How Türkiye crushed terror and ensured regional stability through Operation Euphrates Shield

The 2016 military operation was the moment Ankara restored deterrence, reshaping the Syrian battlefield.

Newstimehub

Newstimehub

24 Aug, 2025

e866eea40a11a32051d0163a7929392612a9110397857a841c6a7e089bac0a66 main

By 2016, five years into the Syrian civil war, the conflict had metastasised into a complex mosaic of foreign interventions and competing non-state actors.

The Assad regime, weakened by years of attrition but sustained by external support yet remained entrenched in the West. Daesh dominated Raqqa and the Euphrates Valley.

Meanwhile, the PYD/YPG, dominated by the PKK terror group and supported by Western countries, was steadily expanding its influence in northern Syria.

This fragmentation of Syria’s political and territorial landscape had direct and immediate consequences for Türkiye. By the summer of 2016, Ankara found itself at the centre of a rapidly deteriorating regional order.

As state authority collapsed along its southern border and non-state actors and terrorist groups entrenched themselves in the resulting vacuum, the threat to Türkiye’s national security became increasingly tangible.

From Ankara’s perspective, this patchwork of de facto authorities did not represent a new balance, but the gradual emergence of strategic encirclement.

Along its southern frontier, Daesh was targeting Turkish towns and civilians with suicide bombings and rocket attacks.

To the north of Aleppo, the PYD/YPG was attempting to establish a contiguous terror corridor, an outcome that threatened regional stability.

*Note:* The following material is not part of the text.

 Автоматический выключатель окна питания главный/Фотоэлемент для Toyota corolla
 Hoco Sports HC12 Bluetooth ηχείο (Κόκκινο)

No other NATO member faced a threat landscape as immediate, multidimensional, and geographically proximate as Türkiye.

In an effort to pre-empt further destabilisation, Ankara repeatedly proposed the establishment of a safe zone in northern Syria.

Repeated Turkish proposals presented to international organisations and major actors in the conflict as a means to secure its borders and protect displaced civilians did not gain meaningful support.

Confronted with overlapping threats and absent any credible multilateral response, Ankara judged that a direct military operation was the only viable path to safeguard its national security.

On August 24, 2016, Türkiye launched Operation Euphrates Shield, invoking Article 51 of the UN Charter, which affirms the inherent right to self-defence.

The operation had two immediate objectives: to clear Daesh from a critical stretch of the border zone, and to block the PYD/YPG’s effort to consolidate control across northern Syria.

Strategic success

In operational terms, the results of Operation Euphrates Shield were clear and immediate.

Over the course of seven months, Turkish forces secured more than 2,000 square kilometres of territory in northern Syria, liberated 243 towns and villages, and neutralised or captured over 3,000 Daesh members.

Nearly 20,000 Daesh targets were engaged, culminating in the capture of al-Bab on 24 February 2017, a town of high strategic value. This made Türkiye the only NATO member state to launch a ground operation and directly fight Daesh on the battlefield.

Yet the operation’s true significance lay beyond the battlefield.

Euphrates Shield was a turning point, launched at a time of significant internal and external pressure on the Turkish state.